* Problem requirements *
Within the entries below, the lines from the one with "Futuristic depiction of" through the one with "Plechový zahradní domek" are to be set down exactly, both ends kept.

* Data *
• • •
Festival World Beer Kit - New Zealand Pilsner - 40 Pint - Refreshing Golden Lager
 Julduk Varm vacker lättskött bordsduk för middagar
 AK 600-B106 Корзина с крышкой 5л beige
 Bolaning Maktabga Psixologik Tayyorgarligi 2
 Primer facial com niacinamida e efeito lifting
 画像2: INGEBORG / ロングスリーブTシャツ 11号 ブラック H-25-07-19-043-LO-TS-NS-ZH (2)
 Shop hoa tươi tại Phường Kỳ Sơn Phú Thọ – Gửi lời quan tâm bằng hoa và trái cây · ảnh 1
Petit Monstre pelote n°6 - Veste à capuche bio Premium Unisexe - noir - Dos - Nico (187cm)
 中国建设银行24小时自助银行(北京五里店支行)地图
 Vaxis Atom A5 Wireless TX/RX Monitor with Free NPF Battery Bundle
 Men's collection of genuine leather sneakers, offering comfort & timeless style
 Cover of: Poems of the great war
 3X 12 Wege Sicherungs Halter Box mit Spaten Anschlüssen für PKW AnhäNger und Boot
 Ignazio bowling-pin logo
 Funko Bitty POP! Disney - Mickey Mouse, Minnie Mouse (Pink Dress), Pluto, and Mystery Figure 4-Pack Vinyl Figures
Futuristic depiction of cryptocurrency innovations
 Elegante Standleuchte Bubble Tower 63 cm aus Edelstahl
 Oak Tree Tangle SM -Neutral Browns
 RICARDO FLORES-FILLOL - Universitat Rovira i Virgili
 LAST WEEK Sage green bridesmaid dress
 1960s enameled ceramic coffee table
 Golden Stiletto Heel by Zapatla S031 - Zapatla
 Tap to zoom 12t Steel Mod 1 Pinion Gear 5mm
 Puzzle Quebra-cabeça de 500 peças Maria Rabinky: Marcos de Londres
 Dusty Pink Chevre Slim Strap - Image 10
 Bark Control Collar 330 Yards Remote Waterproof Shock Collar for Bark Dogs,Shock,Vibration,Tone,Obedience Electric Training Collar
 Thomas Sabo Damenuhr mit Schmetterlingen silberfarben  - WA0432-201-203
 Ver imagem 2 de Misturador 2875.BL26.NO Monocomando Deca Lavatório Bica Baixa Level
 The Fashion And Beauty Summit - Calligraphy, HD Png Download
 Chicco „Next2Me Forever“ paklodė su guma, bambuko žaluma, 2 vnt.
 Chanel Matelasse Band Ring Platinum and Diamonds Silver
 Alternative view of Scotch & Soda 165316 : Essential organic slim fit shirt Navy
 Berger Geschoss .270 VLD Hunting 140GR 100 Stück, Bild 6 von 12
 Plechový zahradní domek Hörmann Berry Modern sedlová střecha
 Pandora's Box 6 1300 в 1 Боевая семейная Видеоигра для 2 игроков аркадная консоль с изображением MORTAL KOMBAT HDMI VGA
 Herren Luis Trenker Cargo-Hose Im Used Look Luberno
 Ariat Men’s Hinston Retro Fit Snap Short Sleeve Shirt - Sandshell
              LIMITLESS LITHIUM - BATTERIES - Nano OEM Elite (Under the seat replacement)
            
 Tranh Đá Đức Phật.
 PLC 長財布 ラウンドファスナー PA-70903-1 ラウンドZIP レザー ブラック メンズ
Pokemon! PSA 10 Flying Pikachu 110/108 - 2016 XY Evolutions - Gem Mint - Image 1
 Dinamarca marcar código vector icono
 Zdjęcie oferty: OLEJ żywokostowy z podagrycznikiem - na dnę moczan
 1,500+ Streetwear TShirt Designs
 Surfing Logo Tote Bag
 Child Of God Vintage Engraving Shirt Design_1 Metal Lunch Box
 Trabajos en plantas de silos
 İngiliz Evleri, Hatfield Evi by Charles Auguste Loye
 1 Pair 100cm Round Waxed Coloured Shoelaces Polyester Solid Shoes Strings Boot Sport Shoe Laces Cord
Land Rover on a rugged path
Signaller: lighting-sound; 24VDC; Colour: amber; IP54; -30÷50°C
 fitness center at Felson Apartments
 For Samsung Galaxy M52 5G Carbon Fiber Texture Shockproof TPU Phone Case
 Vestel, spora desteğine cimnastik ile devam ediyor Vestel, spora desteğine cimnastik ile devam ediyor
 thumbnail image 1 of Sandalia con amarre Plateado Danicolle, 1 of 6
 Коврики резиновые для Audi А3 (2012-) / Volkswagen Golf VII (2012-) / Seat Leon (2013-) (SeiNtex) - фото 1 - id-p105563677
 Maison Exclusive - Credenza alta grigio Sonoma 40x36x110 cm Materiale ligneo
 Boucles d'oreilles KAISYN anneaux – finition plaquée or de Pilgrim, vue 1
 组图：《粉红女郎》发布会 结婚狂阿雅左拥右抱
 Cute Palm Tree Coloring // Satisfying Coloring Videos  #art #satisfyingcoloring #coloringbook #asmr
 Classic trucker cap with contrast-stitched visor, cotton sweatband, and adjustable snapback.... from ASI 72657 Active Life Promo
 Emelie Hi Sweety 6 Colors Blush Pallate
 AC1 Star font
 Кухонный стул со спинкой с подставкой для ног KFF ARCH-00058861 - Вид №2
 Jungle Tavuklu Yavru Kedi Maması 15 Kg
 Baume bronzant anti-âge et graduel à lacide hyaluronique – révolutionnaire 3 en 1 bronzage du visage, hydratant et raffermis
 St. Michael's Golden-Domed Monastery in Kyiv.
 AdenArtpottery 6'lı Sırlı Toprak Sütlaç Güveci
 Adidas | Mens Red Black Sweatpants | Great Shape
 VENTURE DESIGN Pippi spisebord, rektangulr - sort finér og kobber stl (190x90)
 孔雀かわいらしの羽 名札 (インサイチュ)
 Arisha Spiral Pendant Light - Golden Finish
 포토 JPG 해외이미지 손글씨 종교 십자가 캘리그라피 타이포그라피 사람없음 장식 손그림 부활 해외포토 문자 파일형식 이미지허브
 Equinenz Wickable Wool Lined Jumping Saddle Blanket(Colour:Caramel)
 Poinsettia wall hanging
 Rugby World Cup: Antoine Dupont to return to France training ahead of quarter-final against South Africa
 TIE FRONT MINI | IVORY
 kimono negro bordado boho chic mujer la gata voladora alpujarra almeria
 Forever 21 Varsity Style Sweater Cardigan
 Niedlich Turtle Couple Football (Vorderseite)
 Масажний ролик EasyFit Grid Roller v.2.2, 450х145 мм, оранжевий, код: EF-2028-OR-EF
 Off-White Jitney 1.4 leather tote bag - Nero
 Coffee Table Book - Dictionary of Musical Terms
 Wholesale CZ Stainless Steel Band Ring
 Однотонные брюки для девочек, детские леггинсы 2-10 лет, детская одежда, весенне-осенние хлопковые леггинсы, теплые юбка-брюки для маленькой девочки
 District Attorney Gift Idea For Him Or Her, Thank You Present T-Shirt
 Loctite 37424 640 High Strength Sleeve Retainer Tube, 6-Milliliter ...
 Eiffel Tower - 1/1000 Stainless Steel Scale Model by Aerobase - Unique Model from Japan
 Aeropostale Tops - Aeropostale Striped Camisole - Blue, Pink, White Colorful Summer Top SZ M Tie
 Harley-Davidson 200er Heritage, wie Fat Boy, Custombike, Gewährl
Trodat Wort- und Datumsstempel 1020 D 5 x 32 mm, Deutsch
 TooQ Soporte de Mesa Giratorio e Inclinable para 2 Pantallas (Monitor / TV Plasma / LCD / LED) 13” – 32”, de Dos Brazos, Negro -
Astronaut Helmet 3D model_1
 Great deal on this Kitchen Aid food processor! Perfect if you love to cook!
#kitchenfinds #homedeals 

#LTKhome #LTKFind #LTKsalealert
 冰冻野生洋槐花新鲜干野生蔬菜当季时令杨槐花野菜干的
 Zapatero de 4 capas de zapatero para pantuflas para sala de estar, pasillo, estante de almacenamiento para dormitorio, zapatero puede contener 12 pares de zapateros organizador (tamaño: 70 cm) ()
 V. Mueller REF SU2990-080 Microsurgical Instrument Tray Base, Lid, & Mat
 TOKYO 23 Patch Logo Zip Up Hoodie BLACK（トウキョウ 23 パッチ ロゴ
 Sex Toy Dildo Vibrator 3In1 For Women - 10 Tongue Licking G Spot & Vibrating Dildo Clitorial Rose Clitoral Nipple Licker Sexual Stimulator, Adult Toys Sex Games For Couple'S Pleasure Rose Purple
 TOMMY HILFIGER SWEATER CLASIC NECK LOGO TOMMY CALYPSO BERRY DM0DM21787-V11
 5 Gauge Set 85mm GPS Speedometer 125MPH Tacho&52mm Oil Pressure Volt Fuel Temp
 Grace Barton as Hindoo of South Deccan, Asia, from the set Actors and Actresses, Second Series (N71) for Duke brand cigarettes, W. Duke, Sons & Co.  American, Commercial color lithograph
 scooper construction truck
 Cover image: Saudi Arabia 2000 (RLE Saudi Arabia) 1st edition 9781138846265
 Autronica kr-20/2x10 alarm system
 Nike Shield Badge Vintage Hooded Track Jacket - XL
• • •
* Answer to the problem *
Futuristic depiction of cryptocurrency innovations
 Elegante Standleuchte Bubble Tower 63 cm aus Edelstahl
 Oak Tree Tangle SM -Neutral Browns
 RICARDO FLORES-FILLOL - Universitat Rovira i Virgili
 LAST WEEK Sage green bridesmaid dress
 1960s enameled ceramic coffee table
 Golden Stiletto Heel by Zapatla S031 - Zapatla
 Tap to zoom 12t Steel Mod 1 Pinion Gear 5mm
 Puzzle Quebra-cabeça de 500 peças Maria Rabinky: Marcos de Londres
 Dusty Pink Chevre Slim Strap - Image 10
 Bark Control Collar 330 Yards Remote Waterproof Shock Collar for Bark Dogs,Shock,Vibration,Tone,Obedience Electric Training Collar
 Thomas Sabo Damenuhr mit Schmetterlingen silberfarben  - WA0432-201-203
 Ver imagem 2 de Misturador 2875.BL26.NO Monocomando Deca Lavatório Bica Baixa Level
 The Fashion And Beauty Summit - Calligraphy, HD Png Download
 Chicco „Next2Me Forever“ paklodė su guma, bambuko žaluma, 2 vnt.
 Chanel Matelasse Band Ring Platinum and Diamonds Silver
 Alternative view of Scotch & Soda 165316 : Essential organic slim fit shirt Navy
 Berger Geschoss .270 VLD Hunting 140GR 100 Stück, Bild 6 von 12
 Plechový zahradní domek Hörmann Berry Modern sedlová střecha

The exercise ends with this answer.